In the repo containing your Terraform code add the following CircleCI config in .circleci/config.yml
:
version: '2.1'
orbs:
terraform: circleci/terraform@3.1
workflows:
deploy_infrastructure:
jobs:
- terraform/init:
tag: 1.9.5
checkout: true
context: teleport-access
- terraform/plan:
tag: 1.9.5
context: teleport-access
requires:
- terraform/init
Commit the changes and push to any branch to trigger a CircleCI pipeline. You should see a successful Terraform plan in the pipeline logs.
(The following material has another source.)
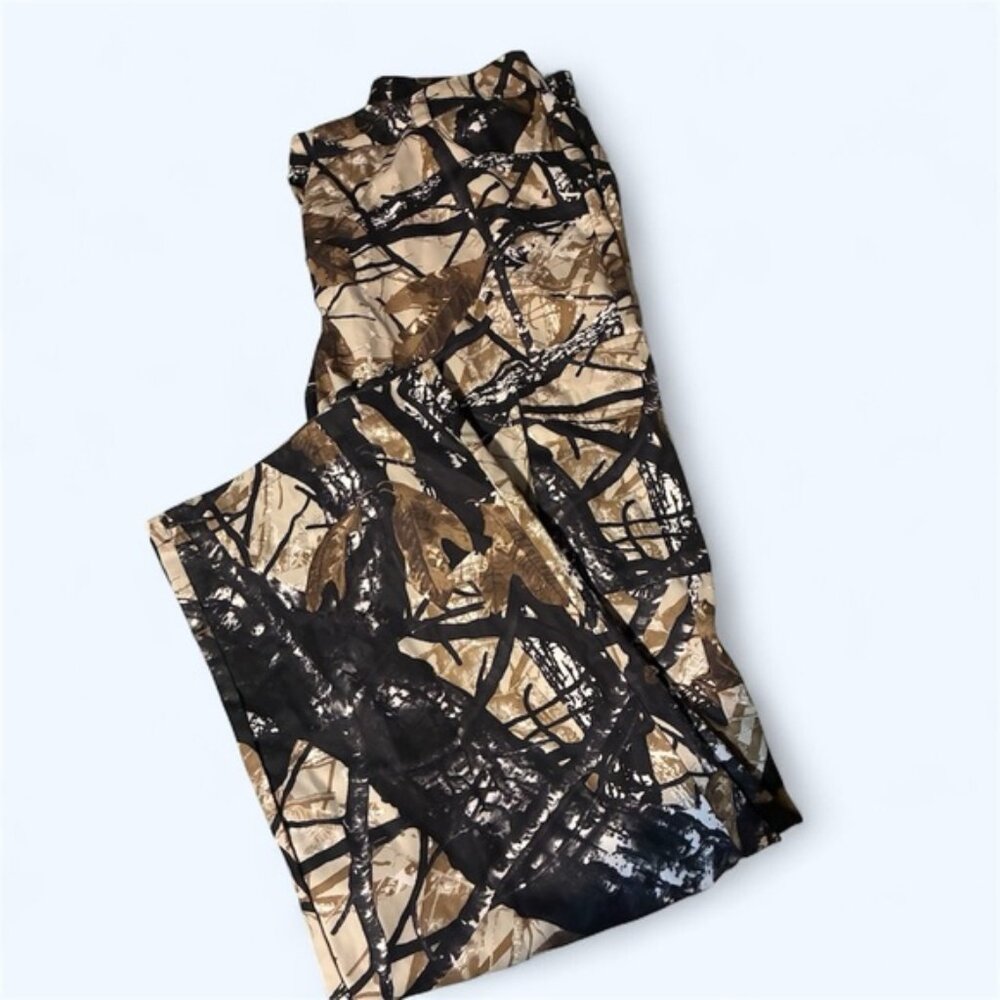 SHEIN Camouflage Straight Leg Pants - Black and Brown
Run the Terraform commands on the EC2 instance:
$ terraform init
Initializing the backend...
Initializing provider plugins...
- Finding terraform.releases.teleport.dev/gravitational/teleport versions matching ...
$ terraform plan
Terraform used the selected providers to generate the following execution plan. Resource actions are indicated with the following symbols:
+ create
Terraform will perform the following actions:
# teleport_role.test will be created
+ resource "teleport_role" "test" {
+ id = (known after apply)
+ kind = (known after apply)
+ metadata = {
+ name = "test"
+ namespace = (known after apply)
}
+ spec = {}
+ version = "v7"
}
Plan: 1 to add, 0 to change, 0 to destroy.
Run the Terraform commands on the GCP VM:
$ terraform init
Initializing the backend...
Initializing provider plugins...
- Finding terraform.releases.teleport.dev/gravitational/teleport versions matching ...
$ terraform plan
Terraform used the selected providers to generate the following execution plan. Resource actions are indicated with the following symbols:
+ create
Terraform will perform the following actions:
# teleport_role.test will be created
+ resource "teleport_role" "test" {
+ id = (known after apply)
+ kind = (known after apply)
+ metadata = {
+ name = "test"
+ namespace = (known after apply)
}
+ spec = {}
+ version = "v7"
}
Plan: 1 to add, 0 to change, 0 to destroy.